Plus, Marston’s granddaughter Christie started speaking out against the movie. Apparently the film portrays the adult relationships as polyamorous, which is a matter of some debate. She tweeted, calling it “fiction”
— Christie Marston (@ChristieMarston) October 14, 2017
and gave an interview that goes into more detail about how the film’s writer/director, Angela Robinson, didn’t contact the family.
So it seems that if you want to see this film, you should do it soon.
For another point of view, here’s one from a critic I respect:
Ignore the terrible headline.
It comes across as lukewarm, but overall it is positive. Here’s a representative comment:
“So as you watch this movie about this extraordinary menage from Lepore’s book, you’ll find it smart, witty, sexy, and kinky but also preachy and self-righteous before it finally settles into being sentimental and moving at the end.”
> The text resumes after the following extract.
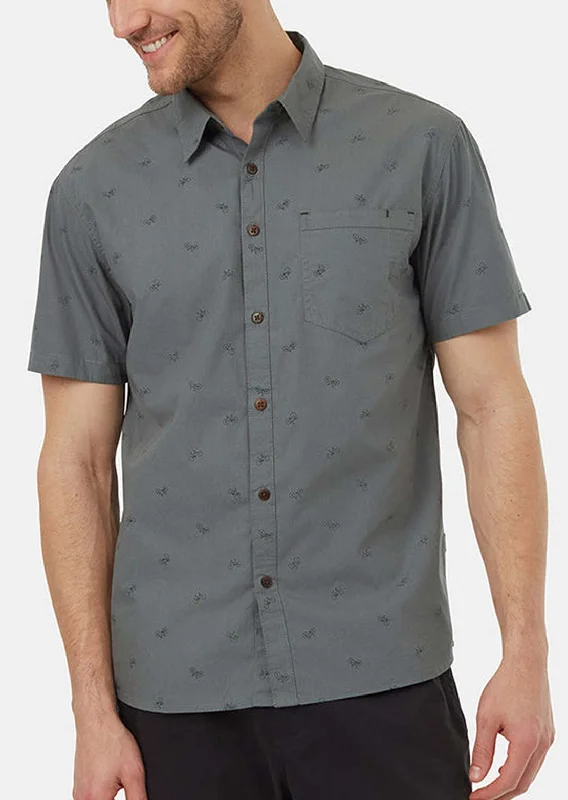 Tentree Men's Bike Around Button Up Shortsleeve Shirt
I’m late to the party, I know, but I do hope you ended up taking the time to watch the movie, Johanna. I’m not in the position to say whether the protagonists’ relationship “in real life” was a triad, two separate male-female pairings, or something else.
I’ll just say that- no disrespect intended towards Christie Marston- the only people who knew the truth about the family’s dynamic are long dead. While we should certainly view the events portrayed in the movie with a huge grain of salt, I’d consider the grandchild to be an observer with an agenda too, not an impartial arbiter of her grandparents decades after their passing.
In any event, I thought the movie was well worth a couple hours of my time, whether or not the comic book burning happened before or after Marston’s death, or whether the two female characters were “sisters,” “lovers,” or “sister-lovers.” If you didn’t see it in the theater, I hope you will when it eventually makes it to some streaming service
Thanks for your multiple articles on the movie. I’m glad I came here and read them.
Unfortunately, I didn’t have a chance to get out to it, and it’s no longer playing, but it’s definitely a movie I want to catch on video. Glad to hear you enjoyed it, and you make a valid point about everyone having different motivations.